Abstract

Objective. Classification diagnosis was performed for cystic pancreatic lesions using ultrasound (US) and contrast-enhanced ultrasound (CEUS) to explore the diagnostic value of CEUS by comparison with enhanced CT. Methods. Sixty-four cases with cystic pancreatic lesions were included in this study. The cystic lesions of pancreas were classified into four types by US, CEUS, and CT: type I unilocular cysts; type II microcystic lesions; type III macrocystic lesions; and type IV cystic lesions with solid components or irregular thickening of the cystic wall or septa. Results. Eighteen type I, 7 type II, 10 type III, and 29 type IV cases were diagnosed by CT. The classification results by US were as follows: 6 type I; 5 type II; 4 type III; and 49 type IV cases. Compared with the results by enhanced CT, the kappa value was 0.36. Using CEUS, 15, 6, 12, and 31 cases were diagnosed as types I–IV, respectively. The kappa value was 0.77. Conclusion. CEUS has obvious superiority over US in the classification diagnostic accuracy in cystic pancreatic lesions and CEUS results showed substantial agreement with enhanced CT. CEUS could contribute to the differential diagnosis of cystic pancreatic diseases.

1. Introduction

With the development and extensive application of imaging techniques, the rate of detecting cystic pancreatic lesions is increasing. These cystic lesions may be epithelium-derived tumors or formed from the necrosis and cystic degeneration of solid tumors. The clinical treatment schemes and prognosis vary for different cystic lesions. Therefore, imaging diagnosis has significant clinical value. Currently, CT and MRI are still the major tools used in the differential diagnosis and follow-up of cystic pancreatic lesions.

In recent years, contrast-enhanced ultrasound (CEUS) has been increasingly used in the evaluation of pancreatic lesions. A study [1] has shown that the diagnostic accuracy of CEUS is comparable to that of MRI in the detection of septa and mural nodules in cystic pancreatic lesions. The correlation between CEUS findings and pathologic results was significantly stronger than between the sonographic and pathologic results.

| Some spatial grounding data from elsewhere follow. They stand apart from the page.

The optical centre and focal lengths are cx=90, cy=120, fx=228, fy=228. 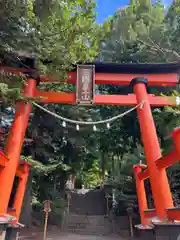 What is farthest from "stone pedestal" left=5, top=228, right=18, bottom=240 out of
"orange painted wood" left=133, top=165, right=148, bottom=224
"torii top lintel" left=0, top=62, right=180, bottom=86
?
"torii top lintel" left=0, top=62, right=180, bottom=86

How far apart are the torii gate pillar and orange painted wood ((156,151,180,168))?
0.23 meters

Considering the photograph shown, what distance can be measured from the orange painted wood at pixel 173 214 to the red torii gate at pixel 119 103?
7.2 inches

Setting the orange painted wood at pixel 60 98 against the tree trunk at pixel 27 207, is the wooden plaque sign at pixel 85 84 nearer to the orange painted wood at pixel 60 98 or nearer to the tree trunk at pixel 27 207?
the orange painted wood at pixel 60 98

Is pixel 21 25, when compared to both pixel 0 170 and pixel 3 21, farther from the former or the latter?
pixel 0 170

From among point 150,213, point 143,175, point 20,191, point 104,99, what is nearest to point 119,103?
point 104,99

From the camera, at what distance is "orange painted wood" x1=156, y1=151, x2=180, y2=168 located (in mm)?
5035

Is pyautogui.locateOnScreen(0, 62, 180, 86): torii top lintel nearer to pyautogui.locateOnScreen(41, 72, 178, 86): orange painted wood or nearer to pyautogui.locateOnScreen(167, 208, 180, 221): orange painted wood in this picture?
pyautogui.locateOnScreen(41, 72, 178, 86): orange painted wood

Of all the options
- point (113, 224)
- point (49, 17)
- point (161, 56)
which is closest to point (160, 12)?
point (161, 56)

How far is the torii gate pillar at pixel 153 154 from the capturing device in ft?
18.2

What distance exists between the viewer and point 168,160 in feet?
17.5

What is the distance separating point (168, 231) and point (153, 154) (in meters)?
1.89

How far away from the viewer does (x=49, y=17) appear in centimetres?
552

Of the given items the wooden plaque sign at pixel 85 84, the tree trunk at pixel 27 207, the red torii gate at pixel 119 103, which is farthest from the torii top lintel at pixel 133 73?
the tree trunk at pixel 27 207

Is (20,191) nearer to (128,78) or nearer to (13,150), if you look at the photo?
(13,150) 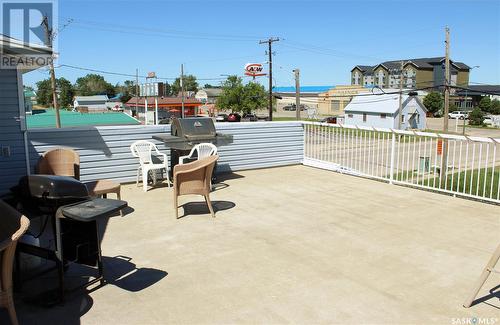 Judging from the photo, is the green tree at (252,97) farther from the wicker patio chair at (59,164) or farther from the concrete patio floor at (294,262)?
the wicker patio chair at (59,164)

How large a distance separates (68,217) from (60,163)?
10.8 ft

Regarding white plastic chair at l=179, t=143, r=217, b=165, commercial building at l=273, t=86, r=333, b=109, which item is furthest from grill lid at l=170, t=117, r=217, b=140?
commercial building at l=273, t=86, r=333, b=109

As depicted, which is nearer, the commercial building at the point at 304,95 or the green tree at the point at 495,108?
the green tree at the point at 495,108

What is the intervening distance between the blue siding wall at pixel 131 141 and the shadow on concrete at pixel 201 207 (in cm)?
212

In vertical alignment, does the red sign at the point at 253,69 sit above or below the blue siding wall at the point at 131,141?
above

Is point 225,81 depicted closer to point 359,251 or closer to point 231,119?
point 231,119

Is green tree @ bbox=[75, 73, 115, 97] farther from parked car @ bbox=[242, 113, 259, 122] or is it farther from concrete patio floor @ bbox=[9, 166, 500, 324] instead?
concrete patio floor @ bbox=[9, 166, 500, 324]

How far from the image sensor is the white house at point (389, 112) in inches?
1779

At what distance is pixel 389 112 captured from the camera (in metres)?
45.4

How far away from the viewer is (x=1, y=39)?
14.5ft

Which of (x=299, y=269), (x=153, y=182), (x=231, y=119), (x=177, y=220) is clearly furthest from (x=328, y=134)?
(x=231, y=119)

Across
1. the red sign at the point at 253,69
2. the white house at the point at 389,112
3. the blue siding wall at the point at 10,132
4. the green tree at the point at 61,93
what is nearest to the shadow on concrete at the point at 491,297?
the blue siding wall at the point at 10,132

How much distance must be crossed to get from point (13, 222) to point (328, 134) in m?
7.01

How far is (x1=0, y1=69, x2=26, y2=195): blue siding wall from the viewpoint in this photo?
242 inches
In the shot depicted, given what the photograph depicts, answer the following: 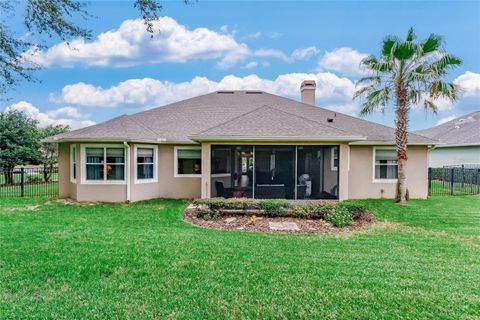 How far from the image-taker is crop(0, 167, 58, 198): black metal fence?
50.8 ft

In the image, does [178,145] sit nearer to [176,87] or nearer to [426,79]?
[176,87]

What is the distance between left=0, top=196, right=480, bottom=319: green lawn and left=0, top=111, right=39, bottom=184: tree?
55.4ft

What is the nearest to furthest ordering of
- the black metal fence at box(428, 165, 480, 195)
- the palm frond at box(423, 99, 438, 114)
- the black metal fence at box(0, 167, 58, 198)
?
the palm frond at box(423, 99, 438, 114)
the black metal fence at box(0, 167, 58, 198)
the black metal fence at box(428, 165, 480, 195)

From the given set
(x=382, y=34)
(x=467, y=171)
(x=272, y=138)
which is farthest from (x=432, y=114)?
(x=467, y=171)

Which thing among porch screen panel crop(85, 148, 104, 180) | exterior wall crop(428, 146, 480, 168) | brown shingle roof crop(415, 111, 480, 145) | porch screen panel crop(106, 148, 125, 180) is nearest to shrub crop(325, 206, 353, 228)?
porch screen panel crop(106, 148, 125, 180)

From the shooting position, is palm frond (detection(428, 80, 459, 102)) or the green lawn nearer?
the green lawn

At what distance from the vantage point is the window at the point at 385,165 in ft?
46.8

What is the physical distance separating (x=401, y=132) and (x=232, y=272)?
10.8m

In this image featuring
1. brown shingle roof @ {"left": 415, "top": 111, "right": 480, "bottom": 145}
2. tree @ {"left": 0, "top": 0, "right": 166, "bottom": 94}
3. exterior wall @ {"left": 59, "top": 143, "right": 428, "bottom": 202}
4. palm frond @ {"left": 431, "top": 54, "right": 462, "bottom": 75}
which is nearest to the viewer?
tree @ {"left": 0, "top": 0, "right": 166, "bottom": 94}

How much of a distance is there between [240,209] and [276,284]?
5531 mm

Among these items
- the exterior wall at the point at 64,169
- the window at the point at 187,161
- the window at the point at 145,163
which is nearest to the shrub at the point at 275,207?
the window at the point at 187,161

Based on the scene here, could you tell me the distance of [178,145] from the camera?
1438 cm

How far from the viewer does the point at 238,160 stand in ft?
41.5

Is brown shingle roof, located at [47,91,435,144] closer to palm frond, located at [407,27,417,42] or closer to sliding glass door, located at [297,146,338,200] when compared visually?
sliding glass door, located at [297,146,338,200]
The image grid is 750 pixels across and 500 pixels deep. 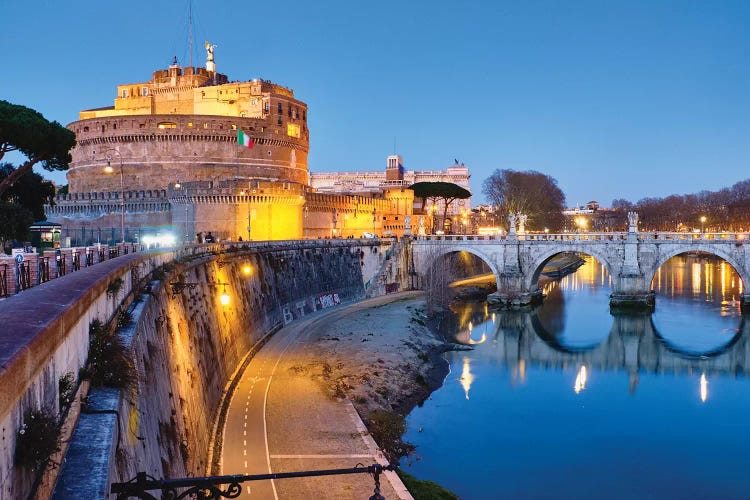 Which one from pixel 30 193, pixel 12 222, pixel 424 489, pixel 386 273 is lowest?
pixel 424 489

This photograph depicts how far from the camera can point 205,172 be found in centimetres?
5672

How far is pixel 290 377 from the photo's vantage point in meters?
22.6

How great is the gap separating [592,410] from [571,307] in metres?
23.6

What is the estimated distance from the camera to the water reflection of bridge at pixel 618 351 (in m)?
30.0

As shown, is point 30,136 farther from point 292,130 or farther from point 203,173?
point 292,130

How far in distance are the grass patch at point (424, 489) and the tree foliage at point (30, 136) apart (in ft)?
57.5

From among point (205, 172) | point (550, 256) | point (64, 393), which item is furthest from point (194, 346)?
point (205, 172)

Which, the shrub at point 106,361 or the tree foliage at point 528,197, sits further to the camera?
the tree foliage at point 528,197

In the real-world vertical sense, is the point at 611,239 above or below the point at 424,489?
above

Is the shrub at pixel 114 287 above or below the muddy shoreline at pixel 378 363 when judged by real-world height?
above

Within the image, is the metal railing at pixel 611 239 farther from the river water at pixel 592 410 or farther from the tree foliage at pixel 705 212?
the tree foliage at pixel 705 212

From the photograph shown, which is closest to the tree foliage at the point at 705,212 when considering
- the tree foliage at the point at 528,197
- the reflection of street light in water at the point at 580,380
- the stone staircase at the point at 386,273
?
the tree foliage at the point at 528,197

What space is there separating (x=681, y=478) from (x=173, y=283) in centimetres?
1377

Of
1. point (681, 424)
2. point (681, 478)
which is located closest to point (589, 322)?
point (681, 424) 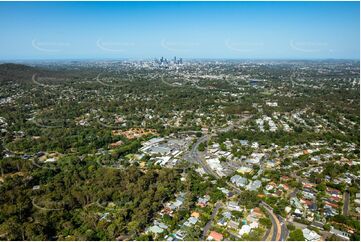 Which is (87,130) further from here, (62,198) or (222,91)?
(222,91)

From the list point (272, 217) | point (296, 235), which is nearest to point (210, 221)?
A: point (272, 217)

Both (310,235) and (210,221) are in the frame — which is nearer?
(310,235)

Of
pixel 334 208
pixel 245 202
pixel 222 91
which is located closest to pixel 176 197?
pixel 245 202

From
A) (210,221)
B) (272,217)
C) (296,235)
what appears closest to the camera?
(296,235)

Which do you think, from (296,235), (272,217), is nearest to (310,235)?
(296,235)

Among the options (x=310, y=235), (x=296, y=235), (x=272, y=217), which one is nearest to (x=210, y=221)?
(x=272, y=217)

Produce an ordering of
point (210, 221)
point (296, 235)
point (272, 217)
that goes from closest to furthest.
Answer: point (296, 235) < point (210, 221) < point (272, 217)

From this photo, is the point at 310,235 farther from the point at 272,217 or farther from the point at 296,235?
the point at 272,217

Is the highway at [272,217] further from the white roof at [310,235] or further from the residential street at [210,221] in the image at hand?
the residential street at [210,221]

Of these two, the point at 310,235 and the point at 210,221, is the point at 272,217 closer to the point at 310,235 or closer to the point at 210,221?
the point at 310,235

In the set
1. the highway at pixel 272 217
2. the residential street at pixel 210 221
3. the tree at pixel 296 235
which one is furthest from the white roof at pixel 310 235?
the residential street at pixel 210 221

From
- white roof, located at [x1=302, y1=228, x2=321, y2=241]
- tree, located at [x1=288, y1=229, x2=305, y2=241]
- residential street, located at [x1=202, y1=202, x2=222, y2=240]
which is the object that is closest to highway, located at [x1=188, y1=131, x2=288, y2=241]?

Previous studies involving CEUS in cystic pancreatic lesions have most often focused on the display of the components and nodules in cystic lesions as well as the enhancement features [24]. However, the different types of cystic pancreatic lesions cannot be easily differentiated due to the similar morphologic features. There are no simple and uniform diagnostic standards for CEUS. According to previous literature [5], an imaging classification system for cystic pancreatic lesions has been proposed and various types corresponding to different diseases had certain regularity. The classification on the basis of their imaging morphologic features is simple and easy to grasp and carry out. Further, such classification of cystic pancreatic lesions is helpful in characterizing lesions, narrowing the differential diagnosis [5]. In current study, the classification criterion was applied in US and CEUS for the first time. The application value of CEUS compared to US in the classification diagnosis of cystic pancreatic lesions is discussed.

2. Materials and Methods

2.1. Patients

Sixty-four patients with cystic pancreatic lesions who underwent CEUS and CECT examinations in our hospital between January 2007 and July 2013 were included. These patients were confirmed by surgery, biopsy, or comprehensive clinical diagnosis. Among the 64 patients, 23 underwent enhanced MRI simultaneously.

The patients included 43 females and 21 males, 22–80 years of age. The mean age was 52.4 years. Thirty-six patients had no symptoms and were identified by routine physical examination; 28 patients presented with various clinical symptoms. The major symptoms were abdominal distention, abdominal pain, fatigue, poor appetite, and emaciation. Only one patient had jaundice. Of 62 patients with CA19-9 results, 50 were normal and 12 showed elevations (42.08–1021 U/mL).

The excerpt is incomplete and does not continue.